TRY IT -> Start at the line with "Excavation et ruines d'Herculanum" in the records below, stop at the line with "English Worksheet: British", and return every line in that span exactly, the two end lines included.

[Recorded data]
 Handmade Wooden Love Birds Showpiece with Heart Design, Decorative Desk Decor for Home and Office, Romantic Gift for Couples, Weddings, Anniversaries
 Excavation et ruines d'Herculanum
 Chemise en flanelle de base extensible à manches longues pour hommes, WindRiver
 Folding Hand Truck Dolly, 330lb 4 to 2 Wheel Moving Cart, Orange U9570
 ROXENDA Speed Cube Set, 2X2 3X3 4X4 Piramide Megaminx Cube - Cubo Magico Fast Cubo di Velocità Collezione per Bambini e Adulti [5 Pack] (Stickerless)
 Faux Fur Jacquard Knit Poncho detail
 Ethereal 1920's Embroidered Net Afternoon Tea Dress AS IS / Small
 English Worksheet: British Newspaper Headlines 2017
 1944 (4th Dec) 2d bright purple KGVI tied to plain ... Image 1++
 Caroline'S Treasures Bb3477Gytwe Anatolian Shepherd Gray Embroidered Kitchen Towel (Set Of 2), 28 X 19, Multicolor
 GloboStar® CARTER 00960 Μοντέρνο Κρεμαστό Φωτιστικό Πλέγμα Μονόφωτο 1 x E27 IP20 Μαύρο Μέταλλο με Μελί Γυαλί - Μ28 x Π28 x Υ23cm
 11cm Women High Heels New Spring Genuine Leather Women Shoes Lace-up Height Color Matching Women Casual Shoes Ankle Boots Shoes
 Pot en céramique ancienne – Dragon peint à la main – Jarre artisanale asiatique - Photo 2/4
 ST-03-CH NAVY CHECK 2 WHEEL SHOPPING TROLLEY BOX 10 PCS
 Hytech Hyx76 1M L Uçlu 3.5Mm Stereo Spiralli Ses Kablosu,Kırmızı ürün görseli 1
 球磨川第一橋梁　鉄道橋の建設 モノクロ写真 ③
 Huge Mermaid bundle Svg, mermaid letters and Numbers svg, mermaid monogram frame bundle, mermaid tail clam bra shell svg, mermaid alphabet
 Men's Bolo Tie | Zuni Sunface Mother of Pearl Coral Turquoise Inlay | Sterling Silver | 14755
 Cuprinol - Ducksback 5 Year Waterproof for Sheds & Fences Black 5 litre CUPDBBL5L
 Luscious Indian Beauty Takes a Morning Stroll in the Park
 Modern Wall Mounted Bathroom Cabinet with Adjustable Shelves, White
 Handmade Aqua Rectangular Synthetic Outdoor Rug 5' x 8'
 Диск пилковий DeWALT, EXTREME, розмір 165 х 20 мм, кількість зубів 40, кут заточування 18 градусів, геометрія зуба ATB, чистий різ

ANSWER SPACE ->
 Excavation et ruines d'Herculanum
 Chemise en flanelle de base extensible à manches longues pour hommes, WindRiver
 Folding Hand Truck Dolly, 330lb 4 to 2 Wheel Moving Cart, Orange U9570
 ROXENDA Speed Cube Set, 2X2 3X3 4X4 Piramide Megaminx Cube - Cubo Magico Fast Cubo di Velocità Collezione per Bambini e Adulti [5 Pack] (Stickerless)
 Faux Fur Jacquard Knit Poncho detail
 Ethereal 1920's Embroidered Net Afternoon Tea Dress AS IS / Small
 English Worksheet: British Newspaper Headlines 2017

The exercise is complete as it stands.